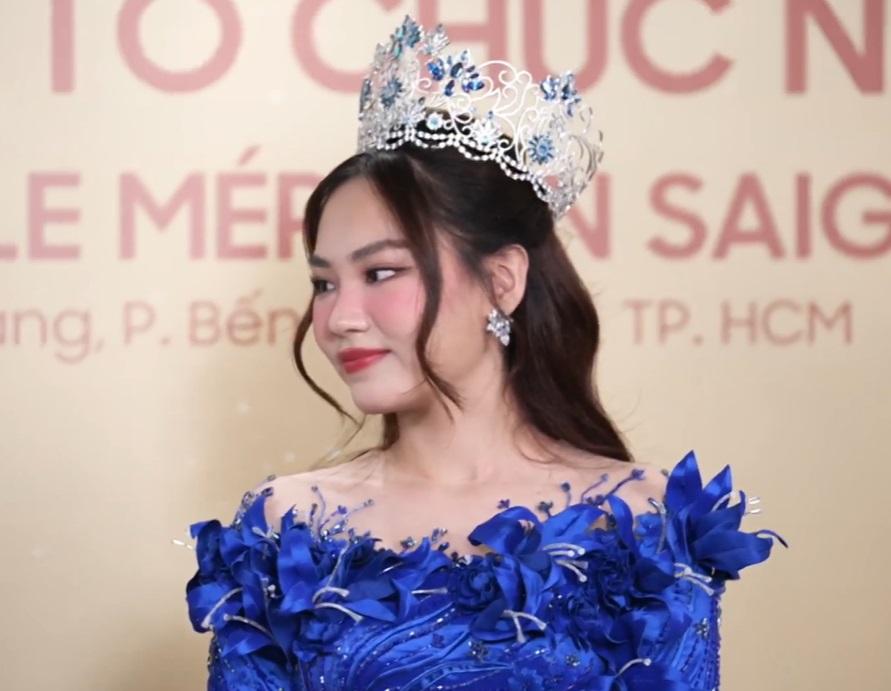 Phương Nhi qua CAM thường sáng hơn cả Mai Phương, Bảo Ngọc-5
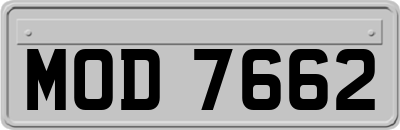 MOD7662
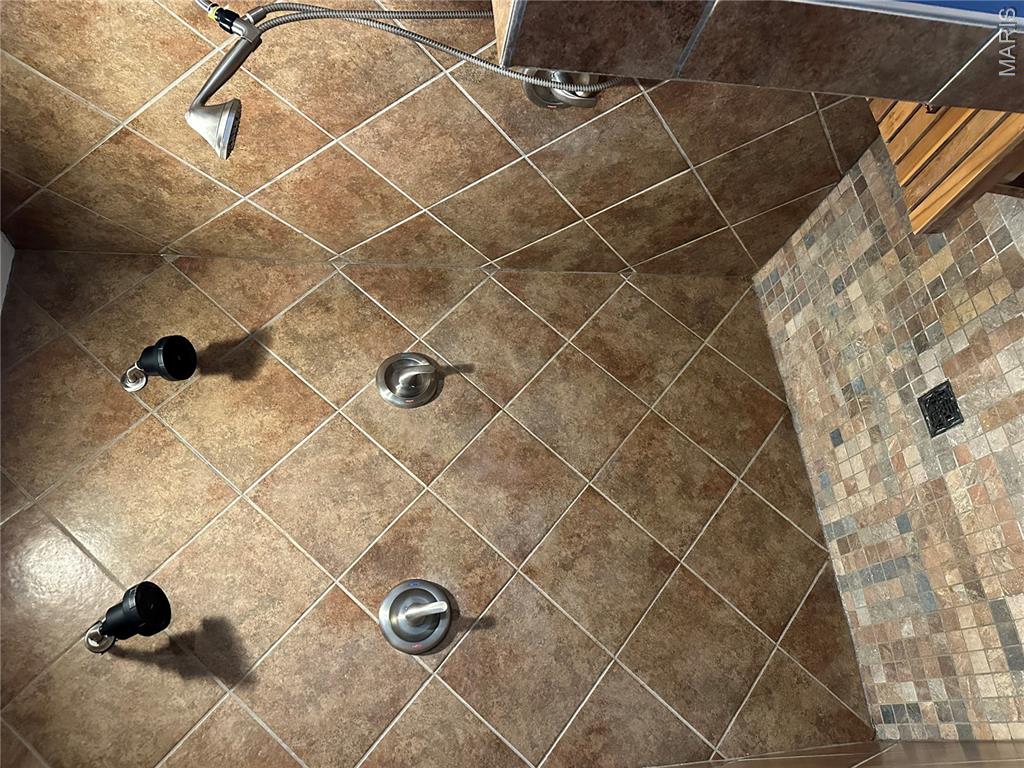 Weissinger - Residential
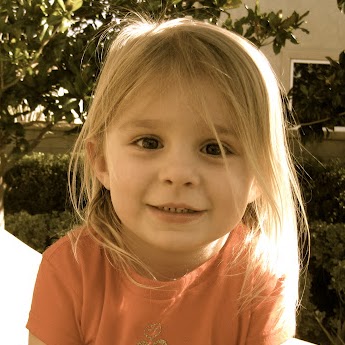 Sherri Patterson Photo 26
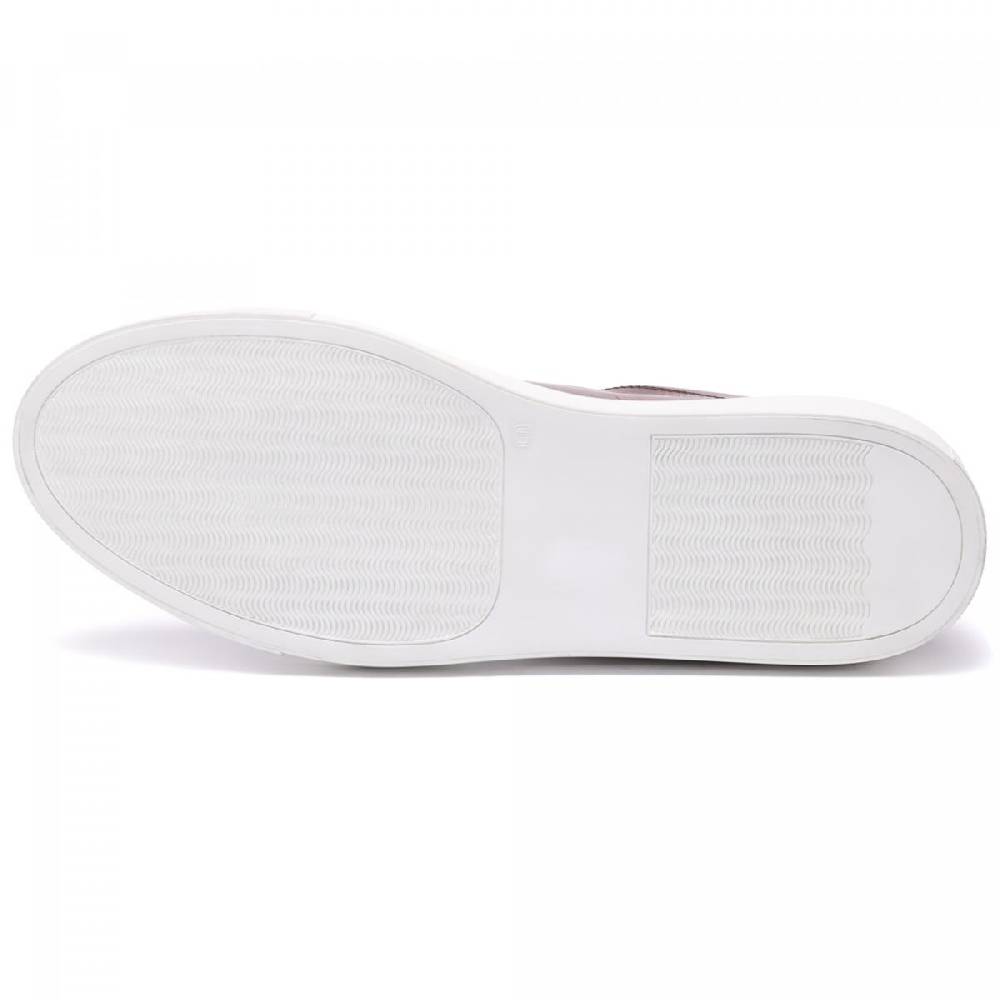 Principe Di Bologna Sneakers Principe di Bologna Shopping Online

##############################

- _Problem requirements_:
Everything above should be given again exactly, apart from the pictures.

- _Answer space_:
 Phương Nhi qua CAM thường sáng hơn cả Mai Phương, Bảo Ngọc-5
 MOD7662
 Weissinger - Residential
 Sherri Patterson Photo 26
 Principe Di Bologna Sneakers Principe di Bologna Shopping Online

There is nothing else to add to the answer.